Significant customer impact but the product still mostly works. Page during business hours; on-call during off-hours.

Trigger: 5-25% error rate, p95 latency >3× baseline, single region down with failover working, key feature broken
Response time: 15 minutes
Channel: PagerDuty page, #inc-sev2-<ID> channel, optional video bridge
Escalation: primary on-call → secondary at +20m → manager at +60m
Comms cadence: status page within 30m if customer-visible, internal update hourly
Roles required: Incident Commander + Tech Lead can be the same person if needed
Exit criteria: error rate < baseline for 30m, status page updated, post-mortem scheduled within 5 business days

Customers may notice; product is broadly fine. Ticket, no page outside hours.

Trigger: error rate > baseline but < 5%, single non-critical service degraded, slow burn rate, internal tooling broken
Response time: 1 hour during business hours, next morning otherwise
Channel: ticket in queue, ping in #oncall Slack channel
Escalation: ticket-owner team lead at +24h if untouched
Comms cadence: usually none; status page only if customers report
Roles required: one engineer
Exit criteria: ticket closed, root cause noted, no post-mortem unless pattern repeats

Things that should be fixed but don't move the needle. The triage backlog.
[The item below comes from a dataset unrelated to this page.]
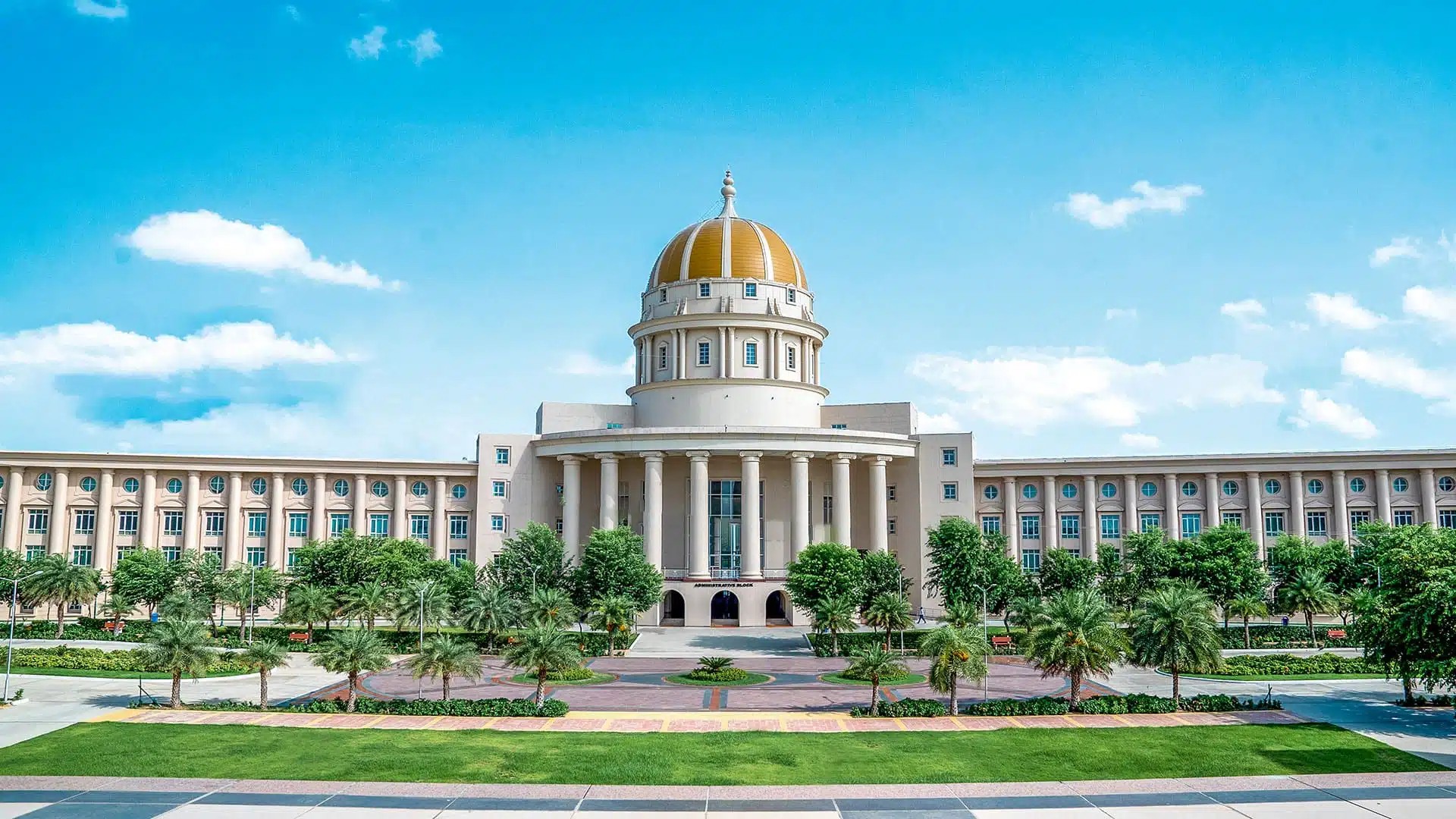 Manipal University Jaipur administrative building with its golden dome and landscaped gardens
Trigger: dashboard typo, stale doc, near-miss alert, single failed batch job that retried successfully
Response time: this sprint or next
Channel: ticket in normal backlog
Escalation: none, closed if not picked up in 30 days
Comms cadence: none
Roles required: whoever picks it up
Exit criteria: ticket closed or cancelled

The matrix is a starting point, not a contract. Three principles keep it honest.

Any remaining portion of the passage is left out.